Beginner CPU-based 3D Renderer

I've been working on a 3D renderer in my free time to better understand graphics (and practice Rust).

Repository link

I'm looking for feedback on project structure, algorithm efficiency, and anything else that stands out to you.

Some notes in case you want to run the program:

  • Screen width / height is configurable at the top of main.rs (current default is 2560x1600)
  • Scale is similarly configurable. Higher value = more downscaling (default = 2)
  • Run in release mode for best performance, although if compiling takes too long, you can change codegen-units in Cargo.toml to be a higher number

Thanks for checking out my project! All feedback is appreciated.

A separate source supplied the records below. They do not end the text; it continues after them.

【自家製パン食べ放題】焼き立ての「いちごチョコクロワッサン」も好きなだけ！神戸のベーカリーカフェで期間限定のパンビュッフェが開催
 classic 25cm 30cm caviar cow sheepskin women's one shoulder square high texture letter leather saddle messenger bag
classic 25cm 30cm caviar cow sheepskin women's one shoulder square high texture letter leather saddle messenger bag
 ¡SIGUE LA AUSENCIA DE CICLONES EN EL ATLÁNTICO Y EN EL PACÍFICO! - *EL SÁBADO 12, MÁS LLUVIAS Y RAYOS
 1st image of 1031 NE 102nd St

In your camera.rs, you're using Mat4::look_to_rh to construct a matrix from a direction vector, which you constructed from rotation angles. This round-trip throws out information unnecessarily and becomes numerically unstable and then undefined at the poles (looking directly up and directly down), which is presumably why you wrote

self.rotation.x = self.rotation.x.clamp(0.99 * -FRAC_PI_2, 0.99 * FRAC_PI_2);

Instead, use Mat4::from_rotation_x, Mat4::from_rotation_y, and matrix multiplication to directly construct a rotation matrix from your rotation angles. Then, you'll be able to have a full ±π/2 (±90°) of pitch angles available, and when you need direction vectors you can actually pull those out as the column vectors of the matrix.


In draw.rs,

pub struct Draw {
    length: usize,
    to_be_drawn: Vec<([usize; 2], [u8; 3])>,
    depth_buffer: Vec<f32>,
}
  • length seems like it would be better named width.

  • to_be_drawn has a complex type which you have to read further down to understand. How about making it more documented and in smaller pieces, with some type aliases?

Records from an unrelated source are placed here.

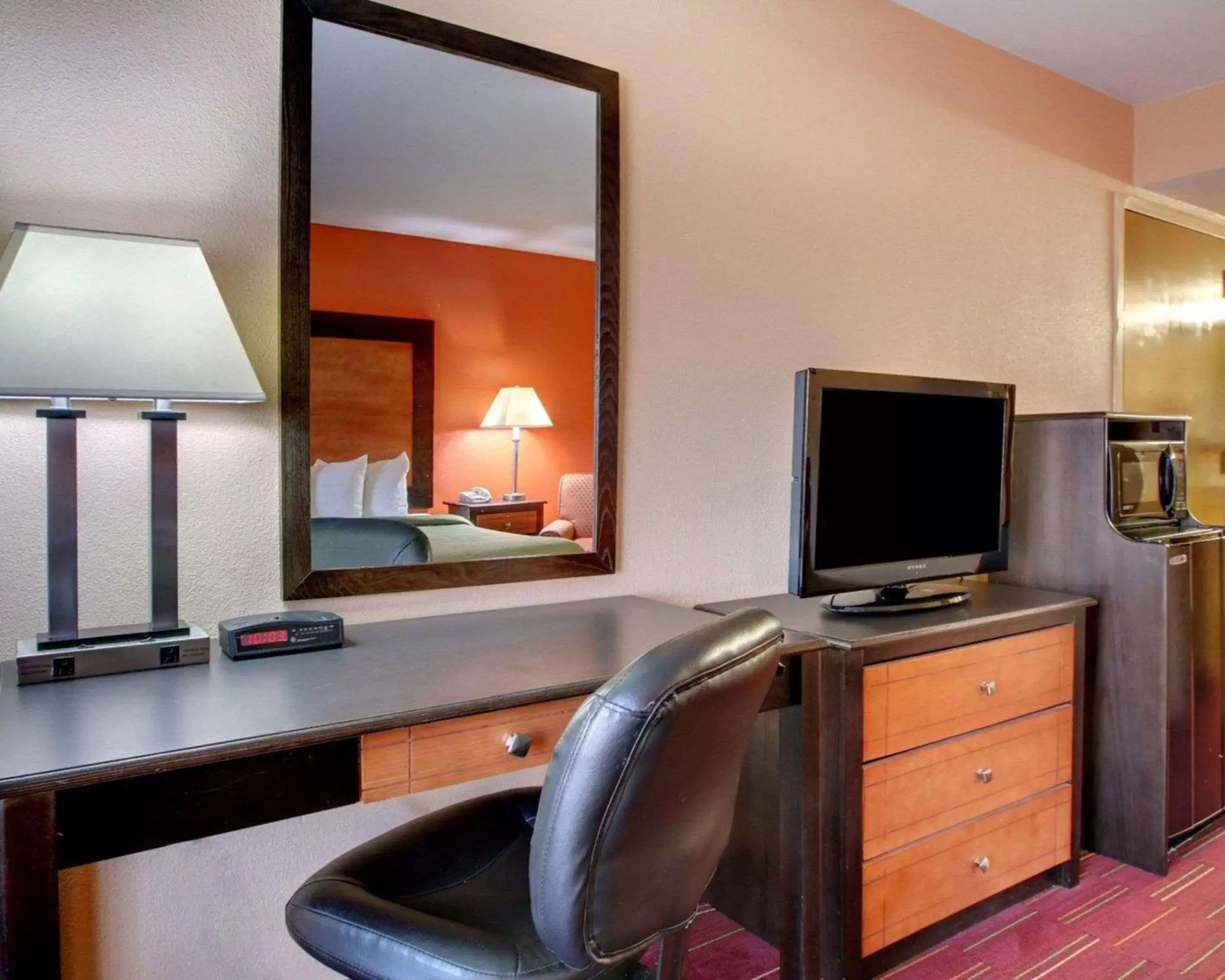 Photo of the whole room, TV/Entertainment Center in Quality Inn Richland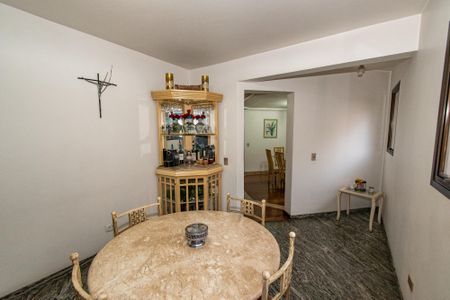 Apartamento à venda com 220m², 4 quartos e 3 vagasCopa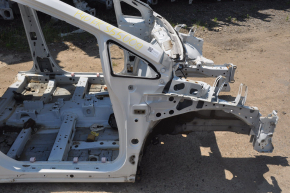 Front right quarter Toyota Prius V 12-17 white on the body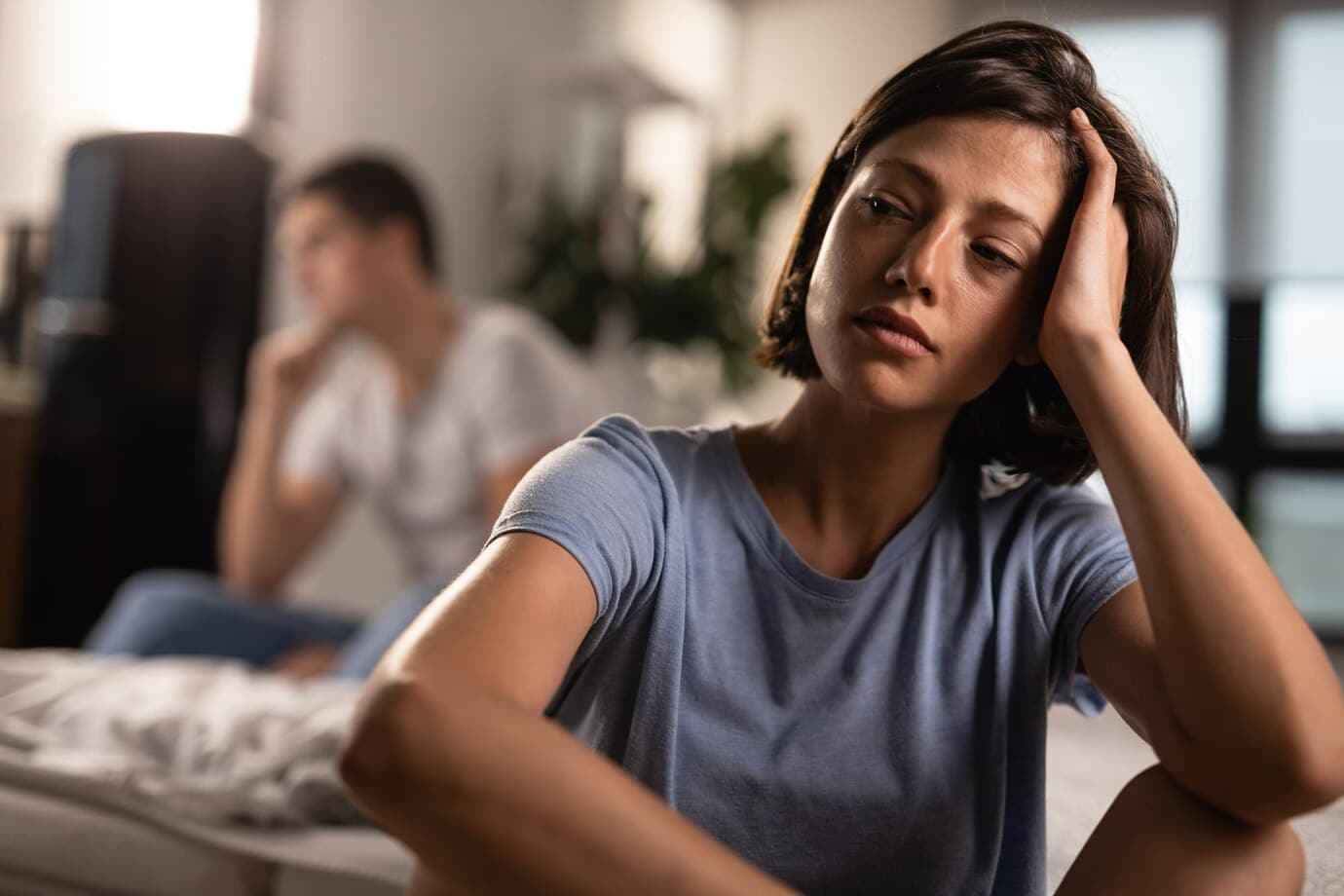 É essencial estar ciente dos sinais que podem indicar um relacionamento tóxico, onde o amor e o respeito estão ausentes.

    type Point = [usize; 2];
    type Rgb = [u8; 3];
    pub struct Draw {
        width: usize,
        to_be_drawn: Vec<(Point, Rgb)>,
        depth_buffer: Vec<f32>,
    }
    
  • It's quite wasteful (in memory and in computation time) to store a Vec of pixels with coordinates. It would be much more efficient to pass the pixels.frame_mut() into your drawing routines and write directly to that frame as you compute the pixels of each triangle. You might choose to make this part of Draw, meaning it is a temporary struct created each frame instead of a persistent one, and the depth buffer would be owned separately:

    pub struct Draw<'a> {
        width: usize,
        color_buffer: &'a mut [u8],
        depth_buffer: &'a mut [f32],
    }
    

In main.rs,

  • there is some code which is about triangle math and some code which is about windowing. I would suggest moving the math parts to a new module.

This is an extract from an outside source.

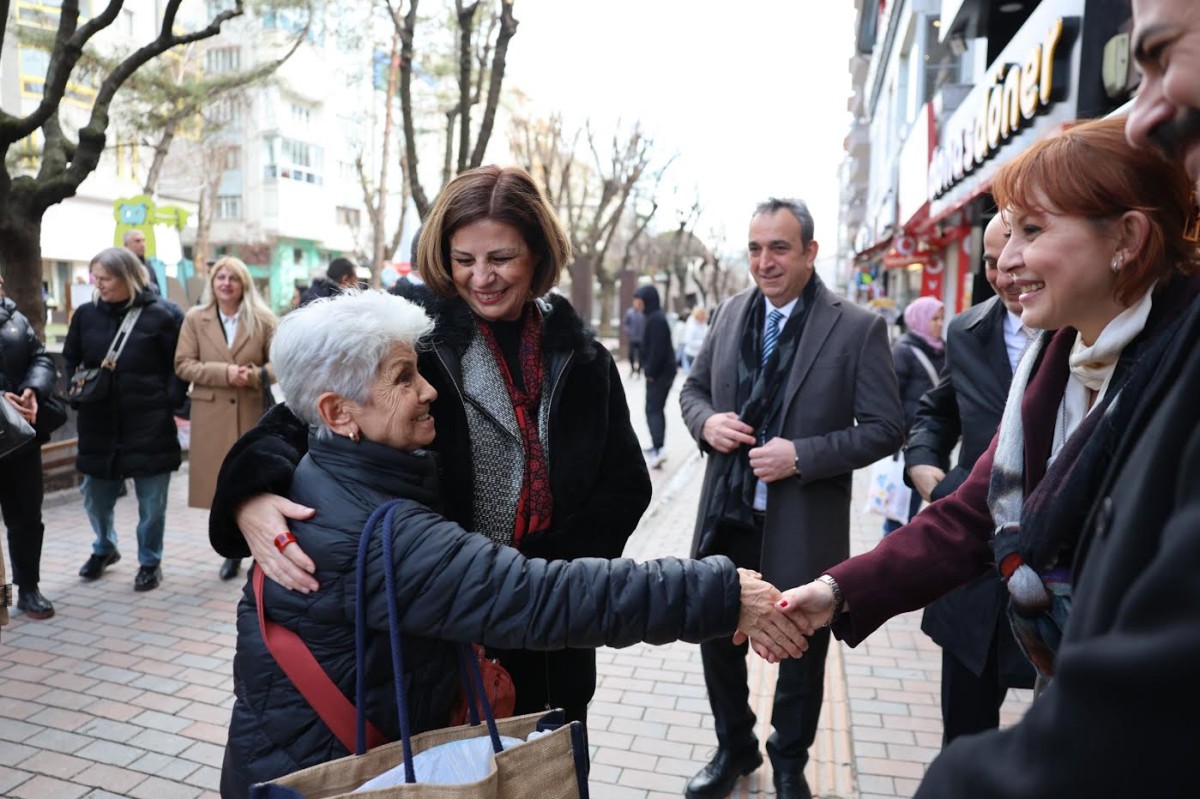 Esnaf ve Vatandaşların Taleplerini Dinledi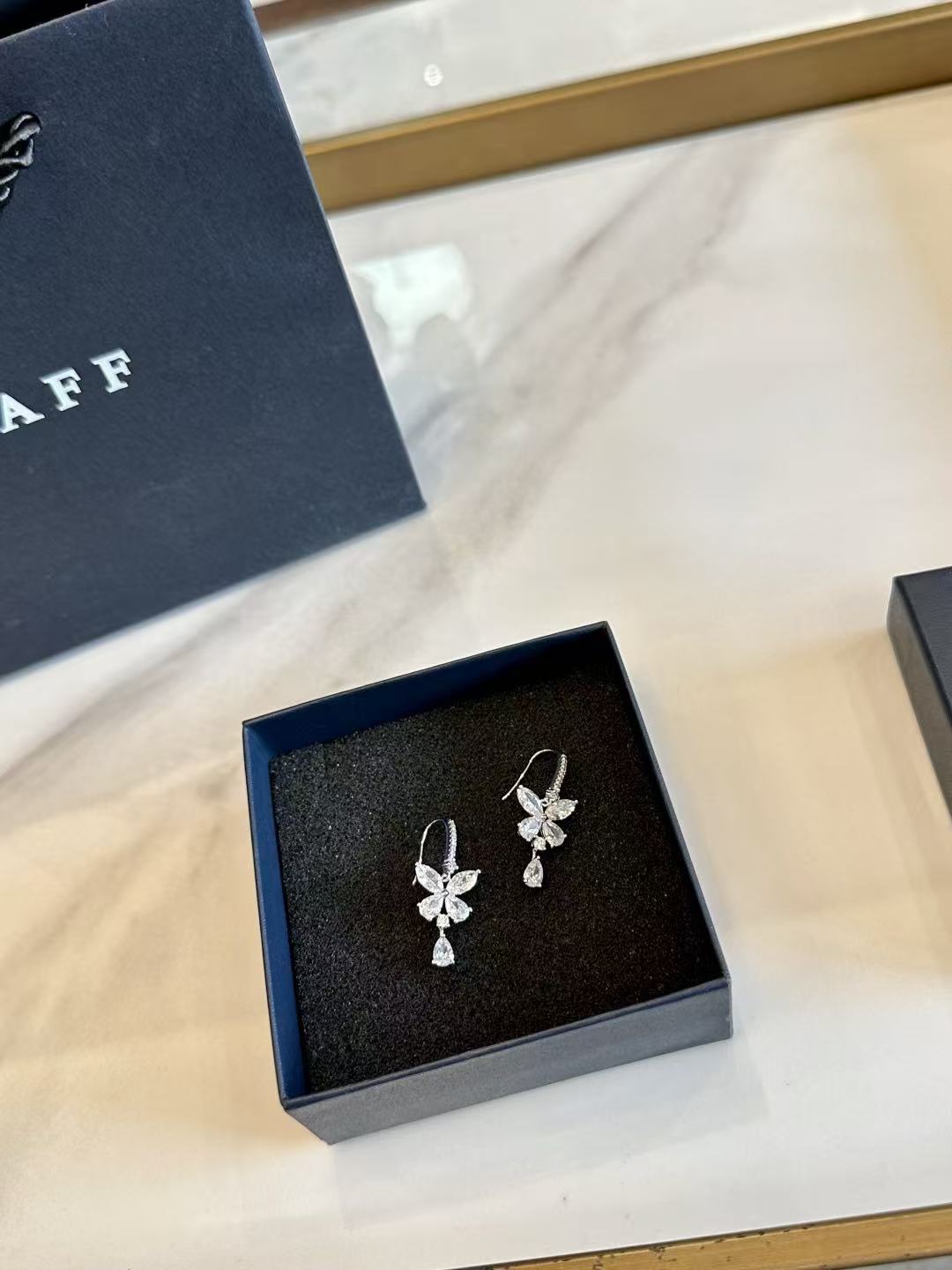 GRAFF蝶のダイヤモンドイヤリング【 50％割引+送料無料】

  • clip() could be written to do its work purely in-place instead of allocating a second vector every time it’s used, perhaps by looping like for i in (0..current.len()) so that additional triangles can be pushed to the end while the loop iterates over only the original ones (modifying one and pushing up to two more). Then its signature could be made

    fn clip(points: &mut Vec<([Vec4; 3], Vec3A)>) {...
    

    and if the input vector is reused, it would allocate nothing in the steady state.

  • In App::handle(), the *dx and *dy can be avoided by mentioning the reference in the pattern instead:

    &Event::DeviceEvent {
        event: DeviceEvent::MouseMotion { delta: (dx, dy) },
        ..
    } => self.camera.update_rotation(vec2(-dy as f32, dx as f32)),
    

    This makes no difference to the behavior of the program, but I find it much more elegant.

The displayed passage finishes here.